Intere regioni furono sottoposte a un vero e proprio regime di occupazione, ebbero villaggi incendiati, coltivazioni distrutte e lutti - decine di migliaia, non si sa quanti - dovuti ai «piemontesi», che fecero sparire la documentazione relativa. La crudeltà fu estrema da entrambe le parti. La popolazione considerava i briganti eroi coraggiosi contro un invasore.
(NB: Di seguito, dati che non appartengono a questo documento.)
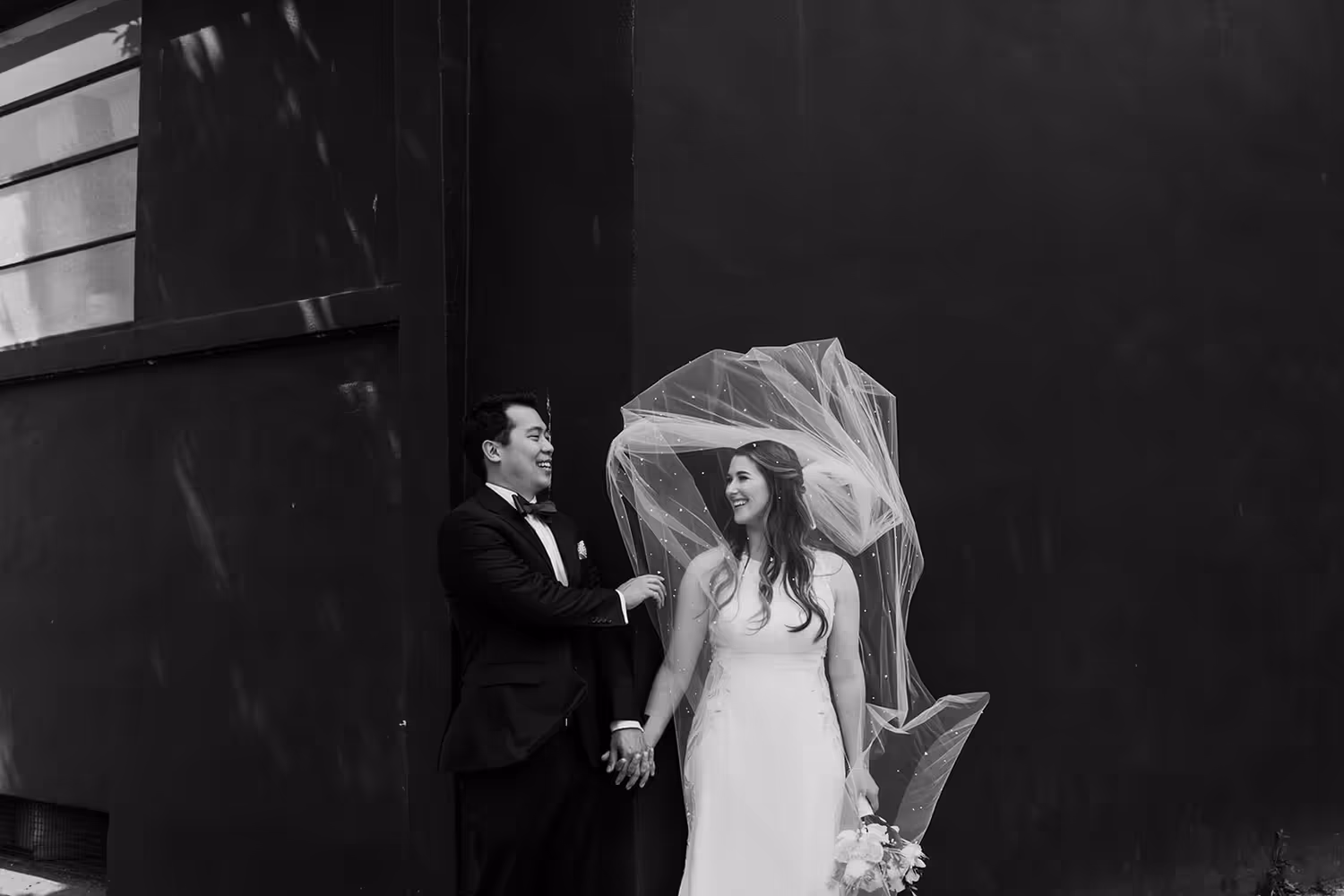 candid black and white image of a couple getting married in the city. veil blows artfully across the brides face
Ancora ottanta anni dopo Carlo Levi, in Cristo si è fermato a Eboli, scrisse: «Non c’è famiglia che non abbia parteggiato, allora, per i briganti o contro i briganti; che non abbia avuto qualcuno, con loro, alla macchia, che non ne abbia ospitato o nascosto, o che non abbia avuto qualche parente massacrato o qualche raccolto incendiato da loro. A quel tempo risalgono gli odi che dividono il paese tramandati per le generazioni, e sempre attuali. Ma, salvo poche eccezioni, i contadini erano tutti dalla parte dei briganti...»
Non è possibile capire il successivo rapporto Nord-Sud, fino ai nostri giorni, se non si tiene conto di quegli eventi. L’Italia settentrionale assistette inorridita alla guerra, per quanto si cercasse di nasconderne la gravità, e molti cominciarono a chiedersi se annettere «quei selvaggi» era stato un bene. Alla fine del 1865, la lotta al «brigantaggio» era ormai vinta, anche se durerà almeno fino all’annessione dello Stato della Chiesa. La rivolta fu stroncata senza che peraltro venisse risolto il problema della criminalità, né tanto meno quello della sopravvivenza quotidiana dei più poveri.
Il governo centrale si era imposto, l’Unità era salva grazie all’esercito, ma a caro prezzo. Scrive Gianni Oliva: «L’introduzione del regime costituzionale e delle annesse garanzie statutarie, che era stato presentato come il più importante motivo di progresso politico conseguente all’unificazione, si era di fatto risolto nella sua stessa negazione, la dittatura militare».


Prima di lui, un padre della patria, Luigi Settembrini era arrivato a una conclusione ineccepibile, nel suo realismo: «L’esercito è il filo di ferro che tiene unita l’Italia dopo averla cucita».